Participants should save their own extracted files in the same format and column schema; doing so will allow this benchmark notebook to load the validation features directly and run smoothly.


In [16]:
#Consolidate all the extracted bands and features in a single dataframe
val_data = pd.DataFrame({
    'Longitude': landsat_val_features['Longitude'].values,
    'Latitude': landsat_val_features['Latitude'].values,
    'Sample Date': landsat_val_features['Sample Date'].values,
    'nir': landsat_val_features['nir'].values,
    'green': landsat_val_features['green'].values,
    'swir16': landsat_val_features['swir16'].values,
    'swir22': landsat_val_features['swir22'].values,
    'NDMI': landsat_val_features['NDMI'].values,
    'MNDWI': landsat_val_features['MNDWI'].values,
    'pet': Terraclimate_val_df['pet'].values,
})

In [17]:
# Impute the missing values
val_data = val_data.fillna(val_data.median(numeric_only=True))

In [None]:
# Extracting specific columns (swir22, NDMI, MNDWI, pet) from the validation dataset
submission_val_data=val_data.loc[:,['swir22','NDMI','MNDWI','pet']]
display(submission_val_data.head())

In [19]:
submission_val_data.shape

In [20]:
# --- Predicting for Total Alkalinity ---
X_sub_scaled_TA = scaler_TA.transform(submission_val_data)
pred_TA_submission = model_TA.predict(X_sub_scaled_TA)

# --- Predicting for Electrical Conductance ---
X_sub_scaled_EC = scaler_EC.transform(submission_val_data)
pred_EC_submission = model_EC.predict(X_sub_scaled_EC)

# --- Predicting for Dissolved Reactive Phosphorus ---
X_sub_scaled_DRP = scaler_DRP.transform(submission_val_data)
pred_DRP_submission = model_DRP.predict(X_sub_scaled_DRP)

In [21]:
submission_df = pd.DataFrame({
    'Longitude': test_file['Longitude'].values,
    'Latitude': test_file['Latitude'].values,
    'Sample Date': test_file['Sample Date'].values,
    'Total Alkalinity': pred_TA_submission,
    'Electrical Conductance': pred_EC_submission,
    'Dissolved Reactive Phosphorus': pred_DRP_submission
})

In [22]:
#Displaying the sample submission dataframe
display(submission_df.head())

In [23]:
#Dumping the predictions into a csv file.
submission_df.to_csv("/tmp/submission.csv",index = False)

In [None]:
session.sql(f"""
    PUT file:///tmp/submission.csv
    snow://workspace/USER$.PUBLIC.DEFAULT$/versions/live/
    AUTO_COMPRESS=FALSE
    OVERWRITE=TRUE
""").collect()

print("File saved! Refresh the browser to see the files in the sidebar")

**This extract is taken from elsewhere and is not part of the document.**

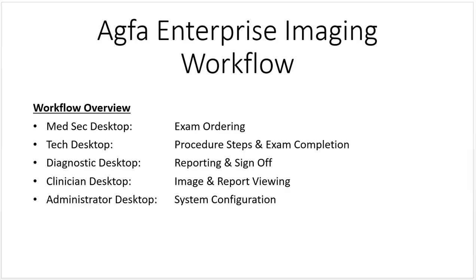Today's lesson about PACS is about our AGFA Enterprise Imaging workflow and the different desktops that are used. When you log in, you have a choice of several different desktops to choose from, and each desktop is really specific to a role within the organization, within the radiology department.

### Upload submission file on platform

Upload the `submission.csv` file on the challenge platform to generate your score on the leaderboard.


## Conclusion

Now that you have learned a basic approach to model training, it’s time to explore your own techniques and ideas! Feel free to modify any of the functions presented in this notebook to experiment with alternative preprocessing steps, feature engineering strategies, or machine learning algorithms. 

We look forward to seeing your enhanced model and the insights you uncover. Best of luck with the challenge!